Thank you very much for this summary of your thoughts. As I have written a summary about tolerance intervals myself, I compared your summary with mine. Here are some comments:
1. The "Odeh & Owen table" for the k-factor is only applicable, if we possess a
two-sided specification. For a one-sided specification limit we need to use different k-factors.
2. Tolerance intervals use a "frequentist" interpretation of "probability" (= non-Bayesian). This is why your statements such as
- “There’s a 90% probability that at least 95% of the population falls within [Sample Average ± 3.1 * (Sample StdDev)], and thus within the Specification Limits (the Design Input requirement)"
are difficult to understand. It is much simpler to state
- "We are 90% confident that at least 95% of the population falls within [...] specification.”
This statement is (a) mathematically exact, and (b) uses the wording from your table.

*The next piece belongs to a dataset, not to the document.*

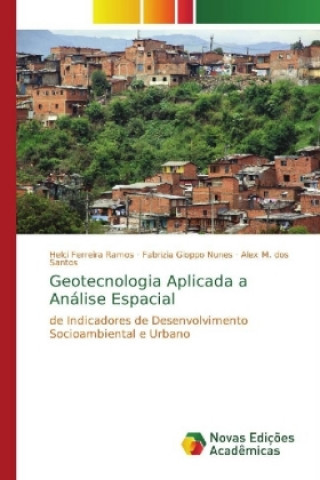 Kniha Geotecnologia Aplicada a Analise Espacial Helci Ferreira Ramos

3. Wheeler's statements about the usage of the k-factors for non-normal distributions is just wrong. Although it is true that the normal distribution possesses the largest entropy (under commonly accepted assumptions), this statement is not true, if we allow for further conditions (such as considering only 90% of the population). To convince ourself, we just have to compare the tolerance intervals for a given {confidence, coverage} pair for (i) the normal distribution and (ii) Binomial distribution -- this was derived by Wilks. Although I doubt that many auditors are able to catch this mistake, I would not place a wrong statistical statement into a verification document.
4. You included the following sample size note:
- If, for example, one operator measured 5 parts, twice each, 10 datapoints are available for analysis as above (N=10).
To me this statement seems to be out of place. If we try to demonstrate (in OQ or PQ) that we are 90% confident that 95% of our generated products are within specification, it is
not enough to take n=5 parts, measure each part r=2 times, calculate the k-factor for the N=n*r=10 measurements, and check if it exceeds k=3.026. The measurements are not independent, which is an assumption of the tolerance interval. To use the critical k-factor k=3.026 for the (gamma=90%, P=95%,N=10) tolerance interval, we have to measure ten independent parts.
However, if our measurements uncertainty is large ("bad gauge"), it is mathematically acceptable to do the following:
i) take n=5 parts,
ii) measure each part r=2 times,
iii) calculate the average value for each part, {ybar_1, ..., ybar_5},
iv) calculate the k-factor of these five averages, and
v) accept the verification if k >= 4.142.
Although this is mathematically correct, auditors won't like this extra step of averaging. Thus, I would use this procedure only if it is hard/expensive to produce additional parts.